Rabu, 19 Januari 2011

Euforia kenaikan harga sawit


Harga sawit dunia terus melambung tinggi. Petani sawit mengalami keuntungan akan fenomena ini. Pemerintah juga melakukan berbagai upaya untuk mensupport kenaikan harga sawit ini. Beberapa waktu yang lalu, kenaikan bea keluar oleh pemerintah terhadap ekspor sawit dirasa memberatkan para petani. Padahal sebenarnya, pemerintah berusaha untuk mendorong industri sawit dalam negeri untuk lebih inovatif dalam mengolah sawit mereka sehingga mampu mengekspor sawit olahan yang tentu saja memiliki harga jual yang lebih tinggi daripada sawit mentah.

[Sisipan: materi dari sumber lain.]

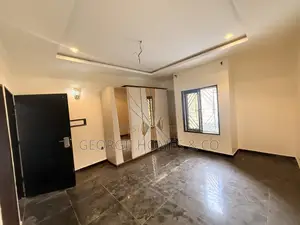 3bdrm Apartment in Wuse 2 for rent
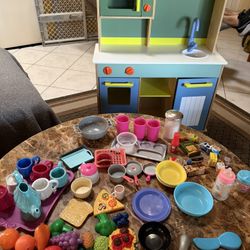 Sweet Wooden Kitchen w/ Lots of Accessories . 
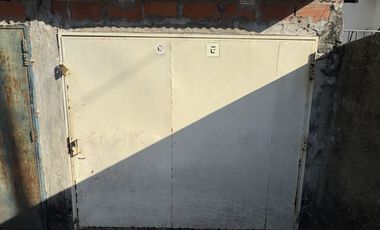 VENTA - CASA 4 DORMITORIOS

Namun ada hal yang terlupakan dari euforia kenaikan harga sawit ini, yaitu lingkungan. Jika memang pasar sawit menggiurkan, mengapa negara sentra sawit hanya Indonesia dan Afrika? Negara lain apakah tidak mampu juga untuk mengembangkan sawit. Beberapa negara memiliki iklim dan struktur tanah yang hampir sama dengan kita. Mereka mungkin telah menyadari bahaya dari sawit ini.

Menurut Sawit Wach, penanaman kelapa sawit sendiri menimbulkan beberapa dampak negatif seperti berkurangnya unsur hara dalam tanah. Sawit dinilai rakus memakan unsur hara dalam tanah. Bahkan satu tanaman mampu menyerap air 12 Liter per hari. Penggunaan pupuk kimia untuk merangsang pertumbuhan kelapa sawit menambah dampak negatif terhadap tanah.

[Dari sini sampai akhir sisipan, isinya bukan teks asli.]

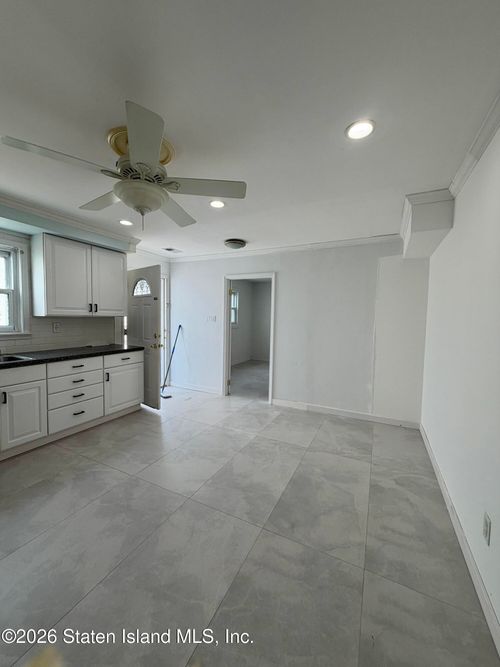 12 Elwood Avenue, Staten Island, NY, 10314 | Card Image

Di samping itu, banyaknya investor yang tertarik untuk menanamkan modalnya di pertanian sawit mengakibatkan banyaknya konversi lahan. Akibatnya berkuranglah lahan penyerapan air, keluasan hutan, dan sebagainya. Sehingga rentan terhadap erosi. Di samping itu, sistem pertanian monokulturasi juga membuat hama merusak ekosistem yang telah ada.

Melihat dari dampak yang ditimbulkan, sudah sepantasnyalah kita mulai berhitung dengan para investor untuk masalah lingkungan yang ditimbulkan. Apalagi perkebunan sawit justru didominasi asing. Mereka mendapatkan keuntungan akan tetapi kita akan menanggung kerugian jangka panjangnya.

Jangan sampai kita terlena oleh kenikmatan sesaat.